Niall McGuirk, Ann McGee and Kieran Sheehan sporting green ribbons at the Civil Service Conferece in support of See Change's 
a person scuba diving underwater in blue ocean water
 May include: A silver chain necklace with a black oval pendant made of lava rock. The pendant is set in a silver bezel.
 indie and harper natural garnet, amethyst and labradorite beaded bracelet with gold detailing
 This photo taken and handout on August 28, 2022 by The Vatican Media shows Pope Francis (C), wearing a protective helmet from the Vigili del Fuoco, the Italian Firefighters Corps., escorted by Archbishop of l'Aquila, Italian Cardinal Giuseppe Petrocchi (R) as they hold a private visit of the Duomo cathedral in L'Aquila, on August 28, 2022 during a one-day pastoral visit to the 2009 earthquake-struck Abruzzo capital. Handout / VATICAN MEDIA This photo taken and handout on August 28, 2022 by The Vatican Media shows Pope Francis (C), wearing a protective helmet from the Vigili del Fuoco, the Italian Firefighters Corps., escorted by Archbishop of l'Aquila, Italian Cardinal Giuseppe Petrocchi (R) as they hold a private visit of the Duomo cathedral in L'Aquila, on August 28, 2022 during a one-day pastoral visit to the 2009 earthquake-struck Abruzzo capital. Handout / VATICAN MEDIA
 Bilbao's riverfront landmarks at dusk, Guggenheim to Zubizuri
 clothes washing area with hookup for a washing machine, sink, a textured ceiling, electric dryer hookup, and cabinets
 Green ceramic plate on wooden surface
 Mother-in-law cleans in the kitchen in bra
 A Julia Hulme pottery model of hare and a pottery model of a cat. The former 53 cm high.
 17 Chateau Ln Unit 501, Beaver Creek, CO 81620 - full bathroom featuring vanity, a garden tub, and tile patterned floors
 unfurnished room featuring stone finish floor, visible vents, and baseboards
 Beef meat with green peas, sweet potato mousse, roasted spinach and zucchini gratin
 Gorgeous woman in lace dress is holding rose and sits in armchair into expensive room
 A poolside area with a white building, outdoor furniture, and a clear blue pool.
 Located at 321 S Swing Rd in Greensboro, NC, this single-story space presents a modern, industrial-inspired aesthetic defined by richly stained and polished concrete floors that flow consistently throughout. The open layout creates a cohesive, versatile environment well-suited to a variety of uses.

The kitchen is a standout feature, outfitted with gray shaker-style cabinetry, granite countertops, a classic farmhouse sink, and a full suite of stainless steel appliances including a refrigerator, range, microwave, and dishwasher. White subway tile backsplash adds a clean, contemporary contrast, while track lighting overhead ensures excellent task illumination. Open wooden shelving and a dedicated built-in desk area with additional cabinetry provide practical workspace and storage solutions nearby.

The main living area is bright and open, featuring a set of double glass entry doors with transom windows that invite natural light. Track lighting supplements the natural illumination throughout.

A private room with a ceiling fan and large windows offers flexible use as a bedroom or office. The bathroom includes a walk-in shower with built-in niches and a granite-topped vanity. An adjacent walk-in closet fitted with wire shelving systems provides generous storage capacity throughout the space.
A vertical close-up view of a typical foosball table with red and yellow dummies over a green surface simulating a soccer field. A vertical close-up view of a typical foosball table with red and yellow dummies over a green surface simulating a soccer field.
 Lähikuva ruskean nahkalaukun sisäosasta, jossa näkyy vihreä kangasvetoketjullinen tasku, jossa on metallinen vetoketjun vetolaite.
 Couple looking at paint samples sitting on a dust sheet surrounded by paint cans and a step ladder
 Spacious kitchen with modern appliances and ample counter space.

What to produce: Give the lines again, exactly as they stand, from the beginning of the data through the line with "indie and harper".

Your solution:
Niall McGuirk, Ann McGee and Kieran Sheehan sporting green ribbons at the Civil Service Conferece in support of See Change's 
a person scuba diving underwater in blue ocean water
 May include: A silver chain necklace with a black oval pendant made of lava rock. The pendant is set in a silver bezel.
 indie and harper natural garnet, amethyst and labradorite beaded bracelet with gold detailing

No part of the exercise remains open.